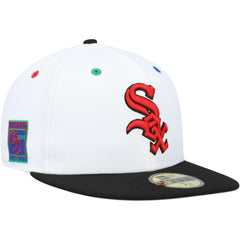 Chicago White Sox New Era 95th Anniversary Primary Eye 59FIFTY Fitted Hat Near Me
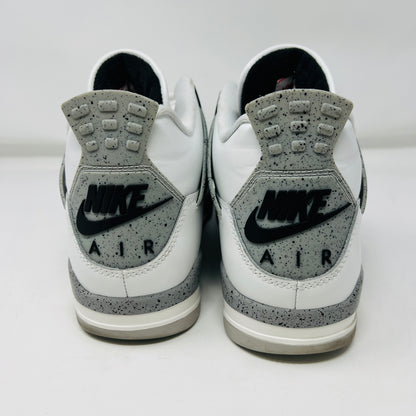 Jordan 4 Retro White Cement (2025)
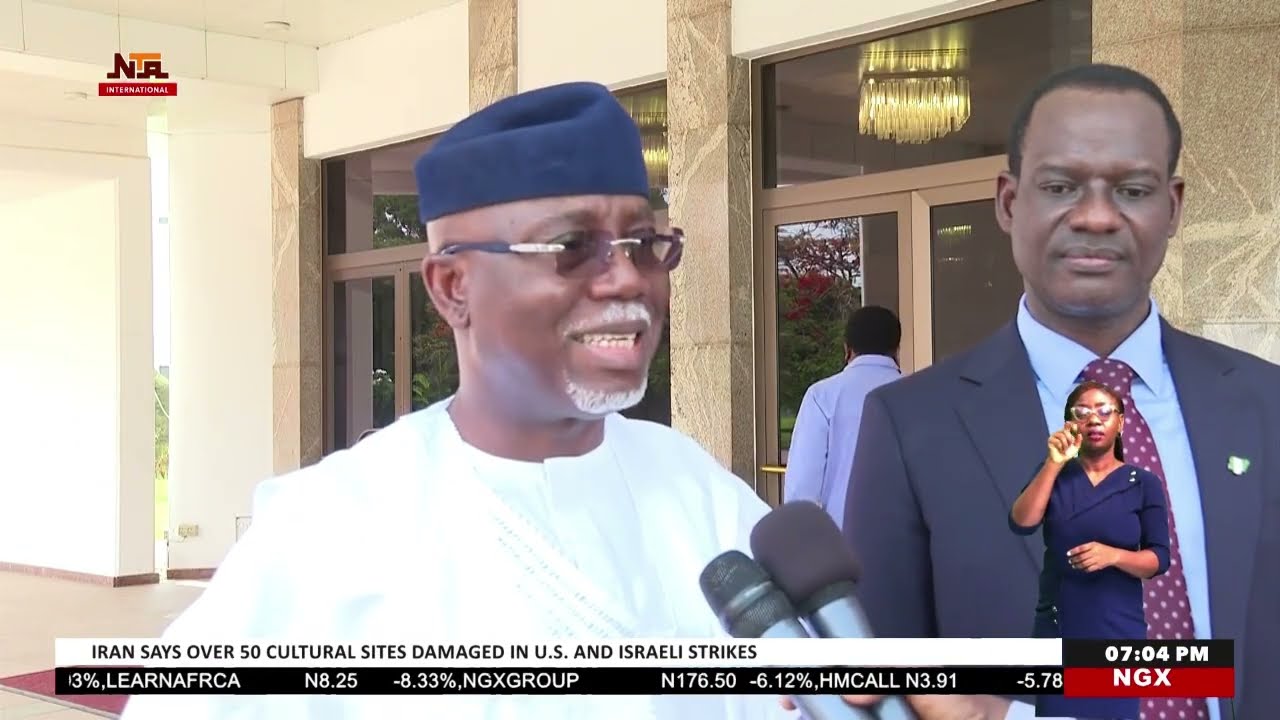 NTA International News @7pm |16th March 2026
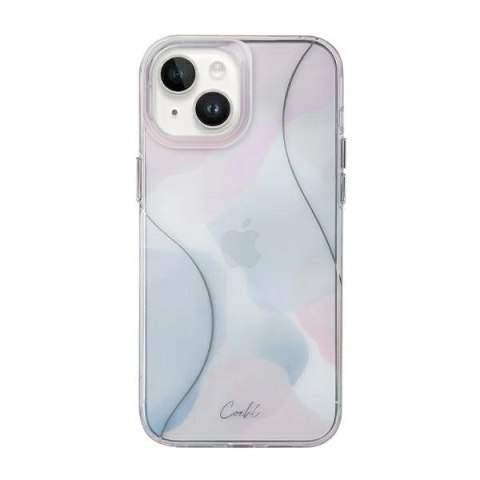 Etui Uniq Coehl Palette na iPhone 14 - niebieskie Etui Uniq Coehl Palette na iPhone 14 - niebieskie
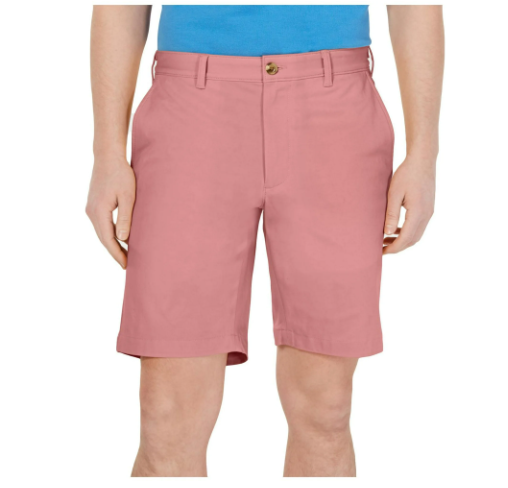 Club Room Men's Regular Fit 9" Shorts with Pockets - Size 38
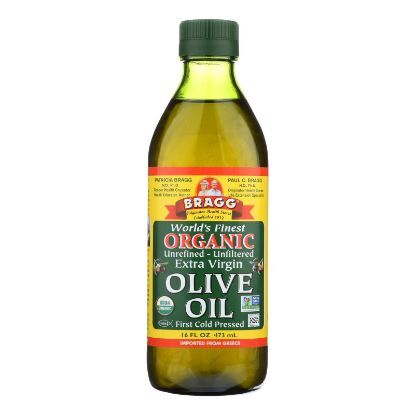 Bragg - Olive Oil - Organic - Extra Virgin - 16 oz - case of 12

Exercise instructions
If the data includes images, omit them, and set down everything else exactly as above.

Answer section
 Chicago White Sox New Era 95th Anniversary Primary Eye 59FIFTY Fitted Hat Near Me
 Jordan 4 Retro White Cement (2025)
 NTA International News @7pm |16th March 2026
 Etui Uniq Coehl Palette na iPhone 14 - niebieskie Etui Uniq Coehl Palette na iPhone 14 - niebieskie
 Club Room Men's Regular Fit 9" Shorts with Pockets - Size 38
 Bragg - Olive Oil - Organic - Extra Virgin - 16 oz - case of 12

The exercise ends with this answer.